**WORK TASK:**
Bring together copies of the lines in the data below that contain the word "with".

**PROVIDED DATA:**

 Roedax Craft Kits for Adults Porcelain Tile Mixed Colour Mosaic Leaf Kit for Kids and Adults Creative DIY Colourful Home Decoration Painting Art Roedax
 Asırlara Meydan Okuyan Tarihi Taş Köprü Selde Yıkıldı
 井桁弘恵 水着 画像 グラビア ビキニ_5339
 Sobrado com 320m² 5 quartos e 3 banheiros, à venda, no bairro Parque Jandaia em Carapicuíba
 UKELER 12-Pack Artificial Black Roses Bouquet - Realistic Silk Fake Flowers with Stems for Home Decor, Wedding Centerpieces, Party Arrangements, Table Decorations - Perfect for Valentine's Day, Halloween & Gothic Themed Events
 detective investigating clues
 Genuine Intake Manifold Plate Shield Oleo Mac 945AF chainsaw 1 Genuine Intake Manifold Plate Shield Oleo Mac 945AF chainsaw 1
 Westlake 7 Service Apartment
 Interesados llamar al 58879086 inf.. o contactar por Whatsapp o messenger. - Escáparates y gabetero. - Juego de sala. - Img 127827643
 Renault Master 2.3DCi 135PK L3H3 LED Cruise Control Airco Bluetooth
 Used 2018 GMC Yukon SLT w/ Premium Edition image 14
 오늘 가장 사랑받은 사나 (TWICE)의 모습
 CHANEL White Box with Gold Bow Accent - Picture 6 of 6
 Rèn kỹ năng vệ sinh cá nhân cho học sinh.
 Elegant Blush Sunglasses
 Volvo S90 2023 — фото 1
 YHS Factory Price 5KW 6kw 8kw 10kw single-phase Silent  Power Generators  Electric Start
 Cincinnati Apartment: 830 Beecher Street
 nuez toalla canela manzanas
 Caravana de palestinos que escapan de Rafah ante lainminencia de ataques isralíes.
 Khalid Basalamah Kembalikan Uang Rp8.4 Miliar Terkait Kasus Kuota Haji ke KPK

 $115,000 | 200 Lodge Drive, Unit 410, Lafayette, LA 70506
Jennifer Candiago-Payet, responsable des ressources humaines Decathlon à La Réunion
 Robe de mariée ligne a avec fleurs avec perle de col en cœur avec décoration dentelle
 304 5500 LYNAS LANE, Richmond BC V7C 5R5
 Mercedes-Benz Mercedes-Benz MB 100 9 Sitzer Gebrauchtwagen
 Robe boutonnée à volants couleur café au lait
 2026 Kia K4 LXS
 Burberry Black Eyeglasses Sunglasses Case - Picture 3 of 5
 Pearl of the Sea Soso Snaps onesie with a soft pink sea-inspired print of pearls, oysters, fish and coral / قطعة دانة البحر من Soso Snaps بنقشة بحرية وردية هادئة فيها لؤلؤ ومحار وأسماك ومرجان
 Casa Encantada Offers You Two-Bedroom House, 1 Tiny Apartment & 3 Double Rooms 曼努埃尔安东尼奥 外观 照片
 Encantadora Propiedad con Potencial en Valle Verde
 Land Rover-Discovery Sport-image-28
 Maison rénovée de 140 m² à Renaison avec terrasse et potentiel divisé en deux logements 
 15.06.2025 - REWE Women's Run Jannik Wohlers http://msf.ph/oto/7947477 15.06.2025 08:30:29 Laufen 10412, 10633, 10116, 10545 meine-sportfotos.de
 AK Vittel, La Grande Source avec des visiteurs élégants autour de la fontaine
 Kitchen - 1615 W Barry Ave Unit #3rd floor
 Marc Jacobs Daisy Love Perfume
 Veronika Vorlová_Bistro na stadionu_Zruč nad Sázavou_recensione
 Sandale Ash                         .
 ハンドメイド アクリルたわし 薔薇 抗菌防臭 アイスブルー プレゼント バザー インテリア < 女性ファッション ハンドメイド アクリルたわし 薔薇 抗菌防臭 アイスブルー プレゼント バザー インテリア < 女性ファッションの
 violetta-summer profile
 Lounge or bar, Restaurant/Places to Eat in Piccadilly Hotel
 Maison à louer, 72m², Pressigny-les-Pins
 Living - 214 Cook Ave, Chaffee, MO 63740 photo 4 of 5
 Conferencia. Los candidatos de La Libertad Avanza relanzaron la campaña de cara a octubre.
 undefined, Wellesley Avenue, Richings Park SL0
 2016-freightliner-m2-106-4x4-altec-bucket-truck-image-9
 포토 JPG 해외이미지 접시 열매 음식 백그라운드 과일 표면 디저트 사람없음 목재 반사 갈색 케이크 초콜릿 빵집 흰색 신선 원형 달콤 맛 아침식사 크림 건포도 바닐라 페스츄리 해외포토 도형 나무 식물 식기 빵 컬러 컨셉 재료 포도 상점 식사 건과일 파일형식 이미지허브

**THE ANSWER:**
 UKELER 12-Pack Artificial Black Roses Bouquet - Realistic Silk Fake Flowers with Stems for Home Decor, Wedding Centerpieces, Party Arrangements, Table Decorations - Perfect for Valentine's Day, Halloween & Gothic Themed Events
 CHANEL White Box with Gold Bow Accent - Picture 6 of 6
 Pearl of the Sea Soso Snaps onesie with a soft pink sea-inspired print of pearls, oysters, fish and coral / قطعة دانة البحر من Soso Snaps بنقشة بحرية وردية هادئة فيها لؤلؤ ومحار وأسماك ومرجان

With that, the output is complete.